"Digital humanities" (DH) is a term that resists precise definition. While humanist scholars and librarians have been incorporating computing into their work for decades, the term as we approach it for the DHRI refers to a specific set of computing methods and techniques widely used by humanities students and scholars. This curriculum was created by scholars at the City University of New York Graduate Center with years of teaching, research, and administrative experience in digital humanities, and is based on best practices that evolved (and continue to evolve) from that work.
The curriculum is based on the teaching of foundational skills in humanities computing, rather than focusing on specific DH tools (like Omeka or Voyant). While those tools are valuable additions to many DH workflows, this approach seeks to serve as a starting point for humanities scholars who are curious about digital humanities, and have very little prior programming knowledge. Digital humanities is still an expanding, experimental space, and our approach seeks to provide a thorough demystification of computing concepts like using the command line, storing and sharing code, and the capabilities and limitations of programming languages. Most importantly, the DHRI will provide a space to build community where scholars can share knowledge, ask questions of each other, and support one another while treading new digital ground back in their respective workplaces.

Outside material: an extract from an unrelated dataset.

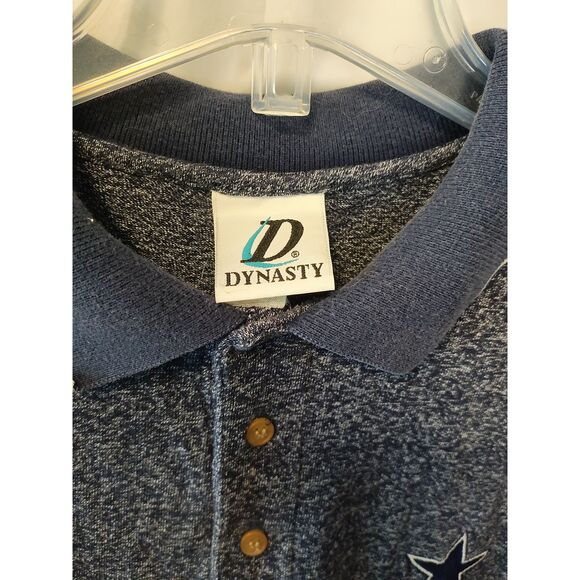 Dynasty Dallas Cowboys Blue Speckled Embroidered Logo Collared Polo Shirt - Picture 5 of 7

The goal of the DHRI is to expand the level of comfort of humanities and cultural heritage scholars/professionals/students with basic computing techniques, tools, and concepts, that will provide a platform for moving forward with future projects. Participants will not leave "knowing Python" or having mastery of any one DH tool. Instead, we seek to provide an intellectual and social foundation on which to both conceptualize and build your project, as well as provide a community of peers who can support you going forward.